Verfilmt wurden die authentischen Tagebücher von 14 Menschen aus acht verschiedenen Ländern. Der Zuschauer sieht die 14-jährige Russin Marina Yurlova, die ihrem Vater, einem Oberst der Kosaken, in den Krieg folgen will. Und den 48-jährigen Journalisten Charles Edward Montague, den nach Kriegsausbruch die Abenteuerlust packt, weshalb er freiwillig in die britische Armee eintritt.

Die Zerrissenheit der Sozialdemokratie

Zu den Protagonisten gehört auch die deutsche Künstlerin Käthe Kollwitz. Wie viele andere lässt sie sich von der patriotischen Kriegsstimmung im August 1914 beeinflussen und erlaubt ihrem minderjährigen Sohn, als Freiwilliger in den Krieg zu ziehen. Sie hängt sogar die schwarz-weiß-rote Flagge des Kaisers aus dem Fenster – bis dahin undenkbar für die bekennende Sozialdemokratin.

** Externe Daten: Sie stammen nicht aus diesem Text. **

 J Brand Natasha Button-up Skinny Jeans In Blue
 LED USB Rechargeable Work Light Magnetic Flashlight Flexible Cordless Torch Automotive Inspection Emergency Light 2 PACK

„Es geht konsequent um Einzelschicksale, aber was erzählt wird, hat auch immer eine allgemeine Bedeutung“ sagt der Historiker Oliver Janz, der das Projekt fachlich beraten hat. So stehe Käthe Kollwitz für die damalige Zerrissenheit der Sozialdemokratie insgesamt. Die internationale Solidarität zwischen den sozialistischen Parteien brach nach dem Kriegsausbruch zusammen. Die deutschen Sozialdemokraten stimmten im Reichstag Krediten für einen Krieg zu, den sie eigentlich hatten verhindern wollen. Der Regisseur der Serie, Jan Peter, erklärt: Kollwitz sei erst im Verlauf des Krieges zu der glühenden Pazifistin geworden, als die man sie heute kennt.

Trailer

Dieser Krieg war anders

Es ist ein zentrales Element der TV-Serie, dass sie durch beeindruckende, oft erschütternde Szenen aufzeigt, wie eine ganze Generation ihre romantischen Vorstellungen von edlem Kriegsheldentum verloren hat. Der Erste Weltkrieg war kein Krieg der Helden, sondern eine gewaltige Materialschlacht. Auch Soldaten waren nicht mehr als Material. Zu tausenden und abertausenden wurden sie in aussichtslose Kämpfe geschickt und den neuen, modernen Waffen zum Fraß vorgeworfen.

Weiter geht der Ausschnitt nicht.